Following the controversy over his appointment, Duthu released a statement on May 9th claiming, in direct contradiction of the NAISA declaration he signed and helped draft, that he does “not believe that a boycott of academic institutions is the appropriate response” to a country’s government policies. He also said that he would abide by the decision of the university’s president to reject boycotts of Israeli universities or academic institutions of any kind. He did not specifically disavow BDS.
In a subsequent public letter, Gustman wrote of Duthu, “the only adequate response to his public support for the BDS movement is that he publicly renounce his support for BDS.”
A report published in March by the American Council of Trustees and Alumni warned that the campaign on university campuses to boycott Israel poses a threat to academic freedom. BDS activists are “willing to violate the liberties of faculty and their fellow students to advance their own political agenda,” it noted.
Michael B. Poliakoff, the president of the council, explained that his organization’s research “suggests that the tactics employed by the BDS movement clearly conflict with the principles of academic freedom that enable students and educators alike to engage in open discourse, inquiry, and learning.”

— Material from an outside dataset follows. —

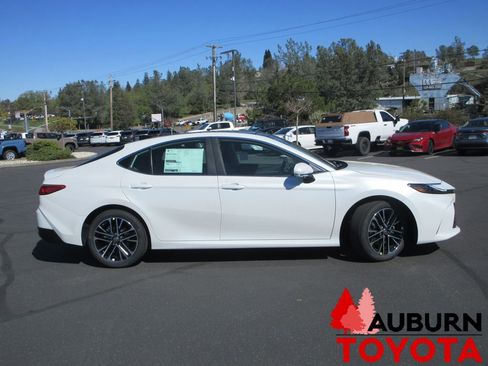 New 2026 Toyota Camry XLE image 2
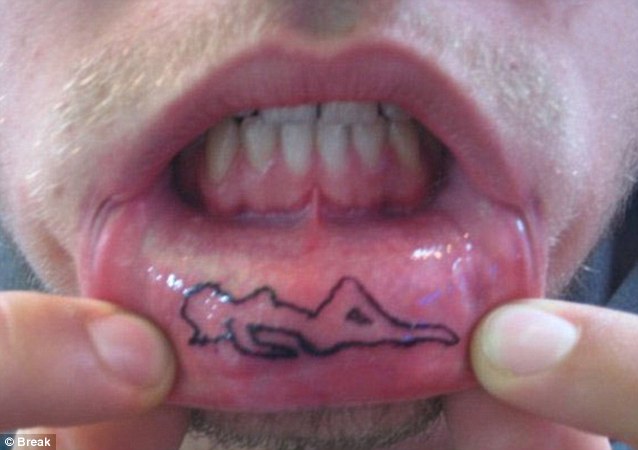 Új őrület: A szájon belüli tetoválás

Other recent studies have highlighted the threat that the BDS campaign, operating under the guise of academic freedom, poses to the free speech rights of others. Last September, a study by the Israel On Campus Coalition showed how the BDS movement was changing tactics and focusing more on intimidation as a means of spreading its message. Two months later, a statistical study by the AMCHA Initiative, a watchdog group, found a strong correlation between anti-Israel activity on university campuses and on-campus anti-Semitism.